**Work required**.
Note on the material below: return exactly the lines from the line that holds "2Pcs Dark Romance" through the line that holds "Abstract Hand Drawn", and leave out each picture.

**Data shown**.
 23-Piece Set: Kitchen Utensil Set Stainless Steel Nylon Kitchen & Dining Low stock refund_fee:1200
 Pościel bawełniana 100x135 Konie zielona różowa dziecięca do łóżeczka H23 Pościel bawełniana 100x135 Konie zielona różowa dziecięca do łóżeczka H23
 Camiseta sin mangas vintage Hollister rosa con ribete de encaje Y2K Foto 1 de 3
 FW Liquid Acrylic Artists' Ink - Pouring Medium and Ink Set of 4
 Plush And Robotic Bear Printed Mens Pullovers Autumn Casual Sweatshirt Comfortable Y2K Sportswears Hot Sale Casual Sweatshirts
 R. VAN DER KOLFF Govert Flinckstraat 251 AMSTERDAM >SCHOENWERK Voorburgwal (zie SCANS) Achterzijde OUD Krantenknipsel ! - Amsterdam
==
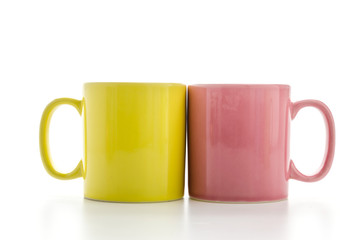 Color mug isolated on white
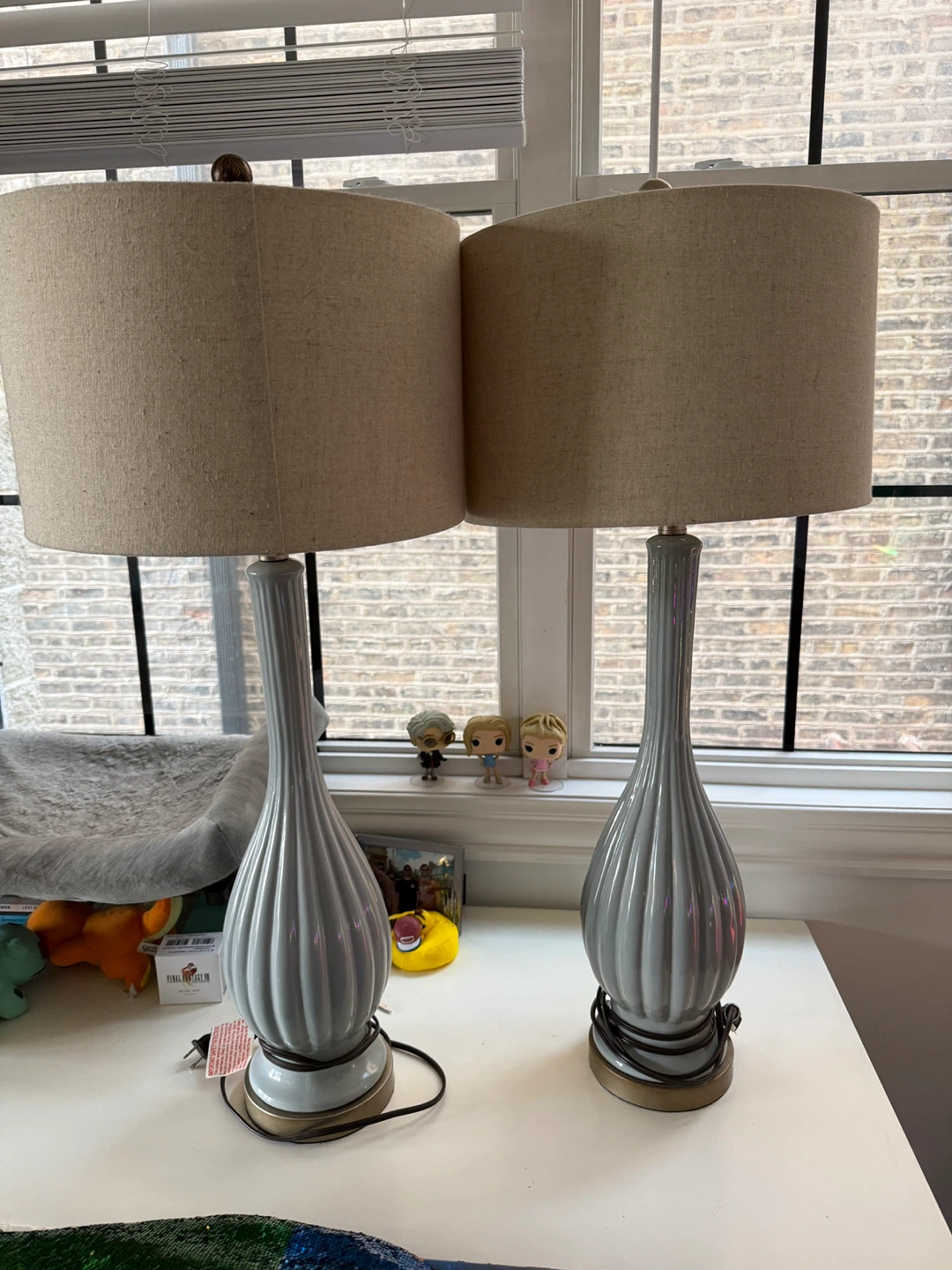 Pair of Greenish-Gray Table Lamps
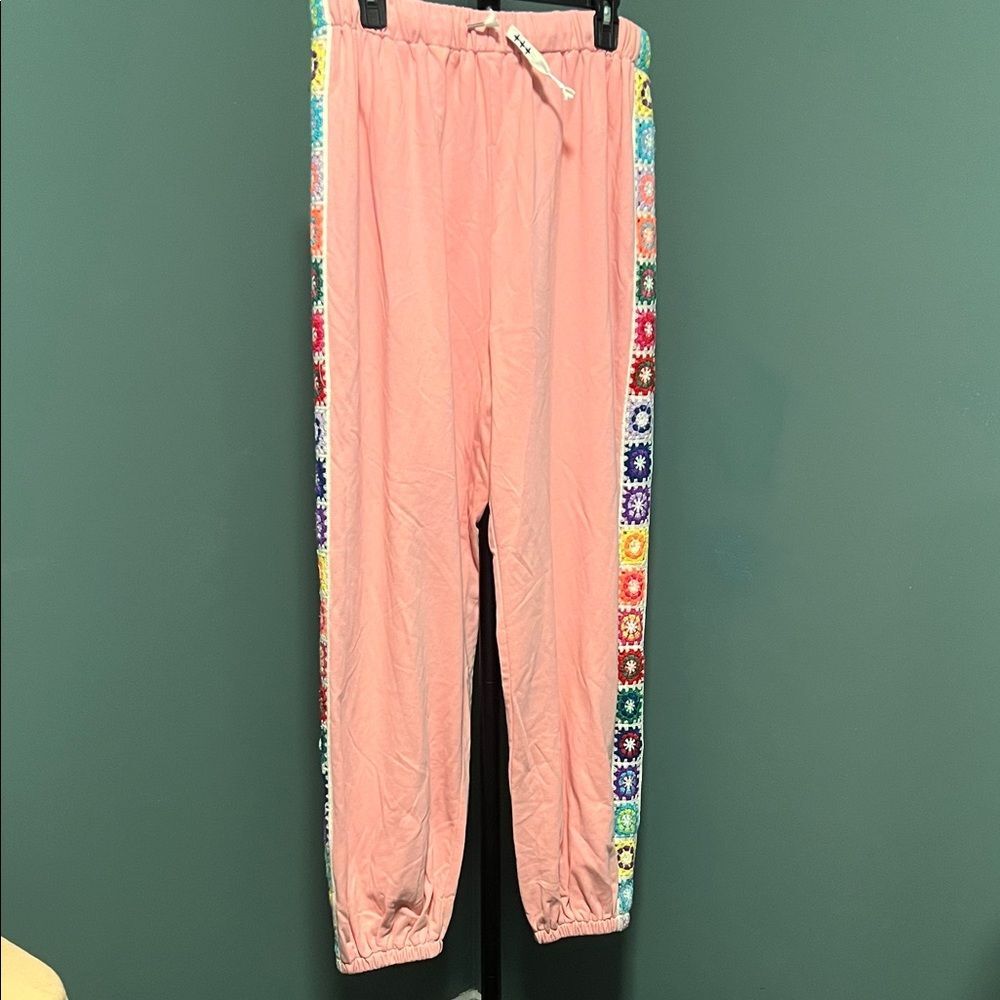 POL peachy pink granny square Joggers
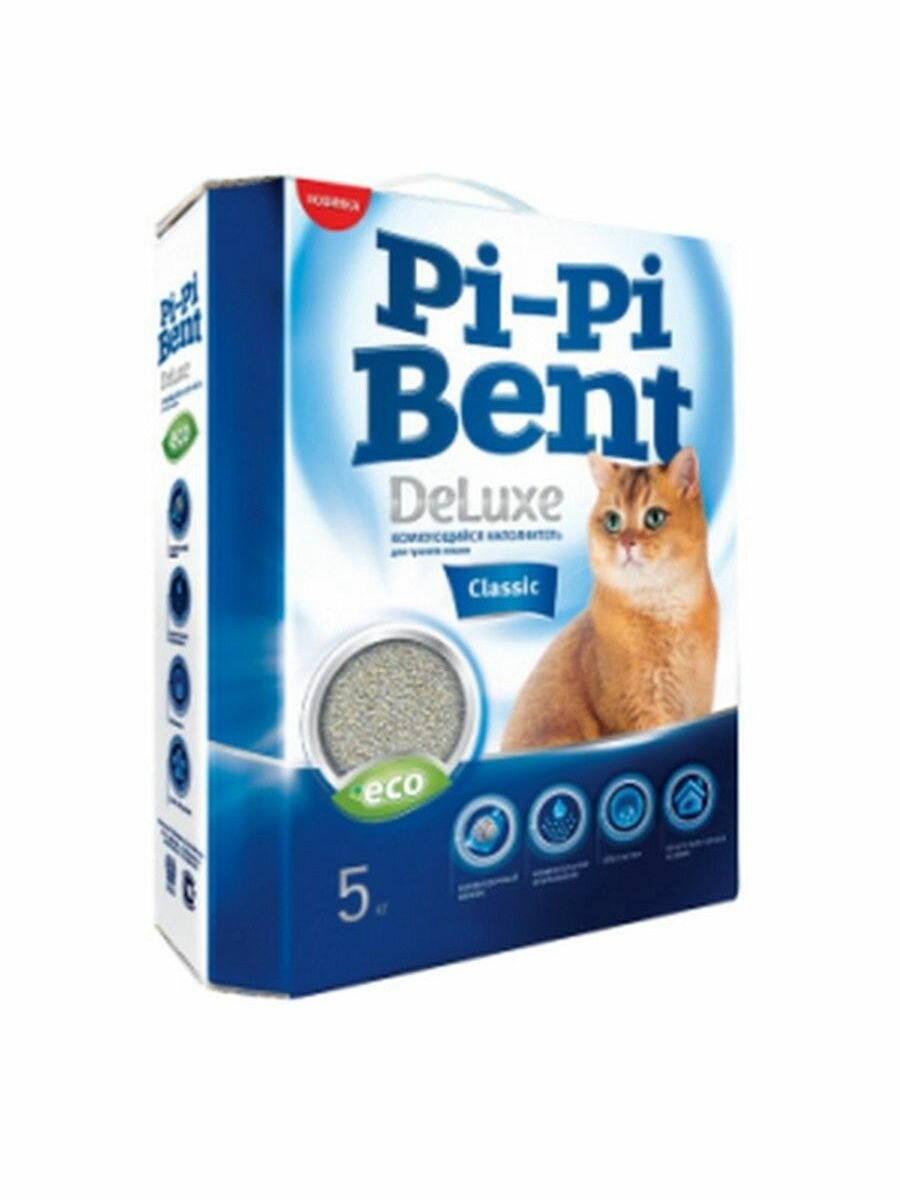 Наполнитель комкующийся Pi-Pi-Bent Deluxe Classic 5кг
* * *
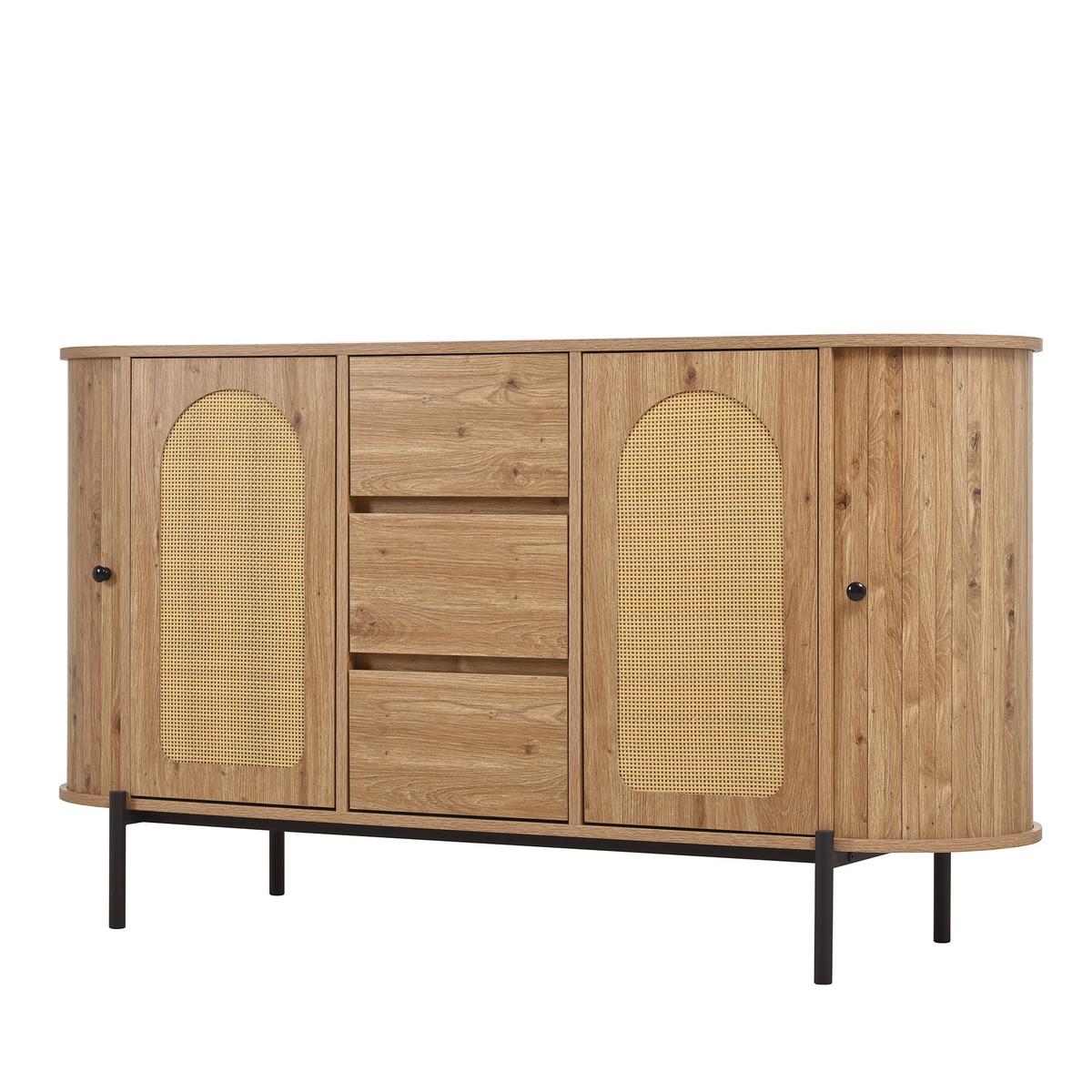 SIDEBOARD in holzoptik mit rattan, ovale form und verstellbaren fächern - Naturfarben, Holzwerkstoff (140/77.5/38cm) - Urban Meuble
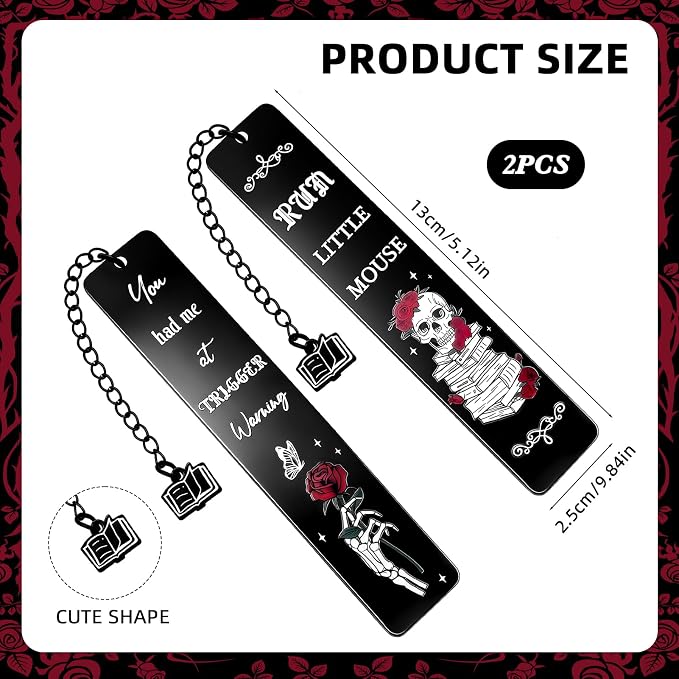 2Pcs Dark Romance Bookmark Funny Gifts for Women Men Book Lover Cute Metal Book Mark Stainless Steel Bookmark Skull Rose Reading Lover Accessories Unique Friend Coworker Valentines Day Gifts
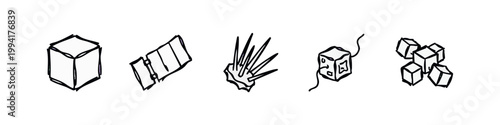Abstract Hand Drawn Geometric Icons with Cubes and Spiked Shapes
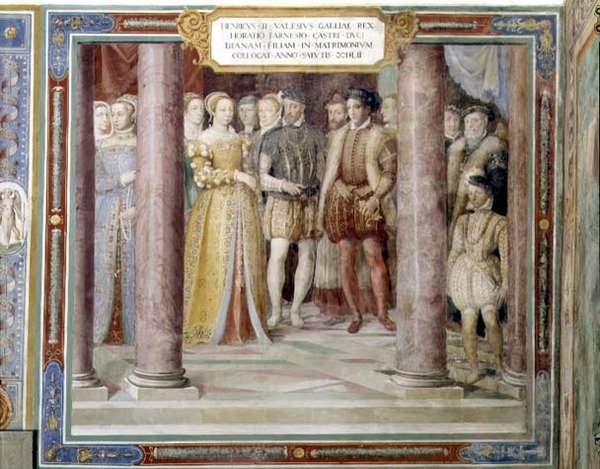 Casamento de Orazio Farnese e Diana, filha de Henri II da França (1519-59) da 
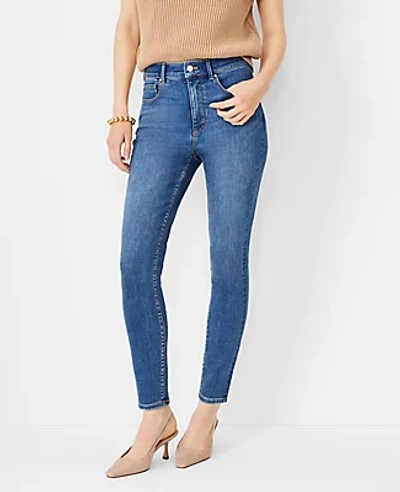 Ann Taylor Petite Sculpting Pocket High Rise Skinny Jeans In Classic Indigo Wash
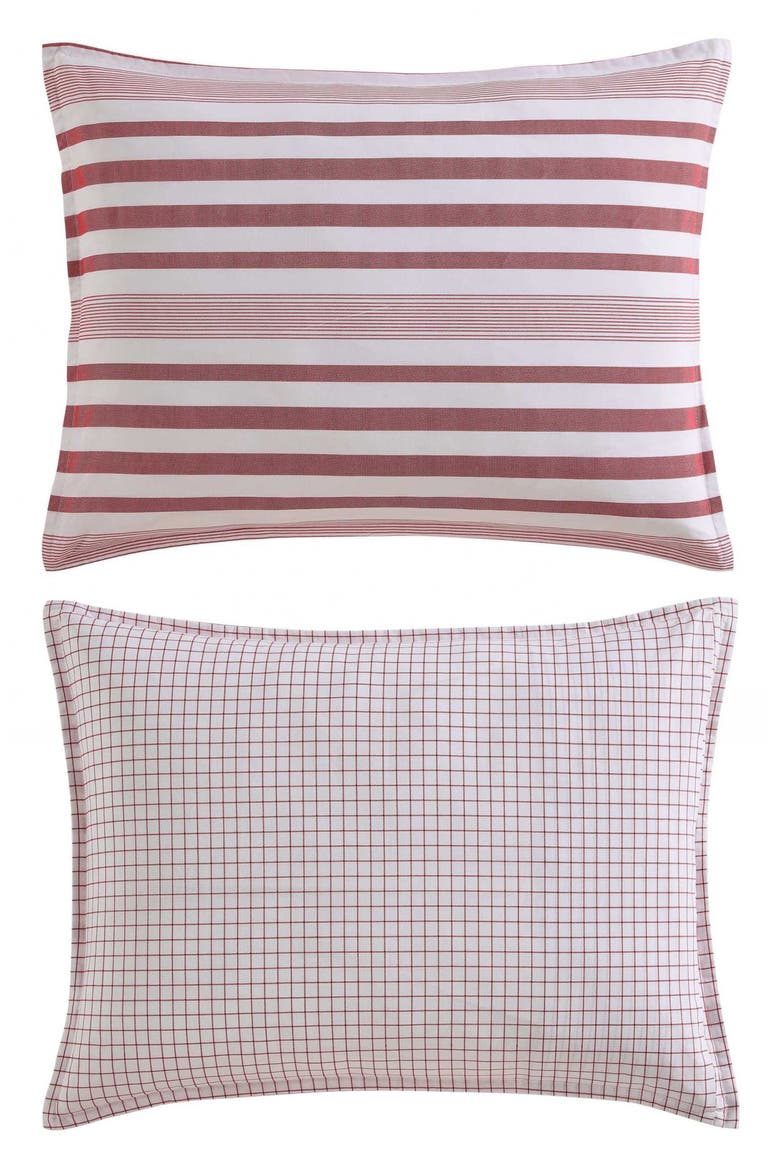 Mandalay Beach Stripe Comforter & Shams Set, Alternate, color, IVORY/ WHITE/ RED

**Exercise solution**.
 2Pcs Dark Romance Bookmark Funny Gifts for Women Men Book Lover Cute Metal Book Mark Stainless Steel Bookmark Skull Rose Reading Lover Accessories Unique Friend Coworker Valentines Day Gifts
Abstract Hand Drawn Geometric Icons with Cubes and Spiked Shapes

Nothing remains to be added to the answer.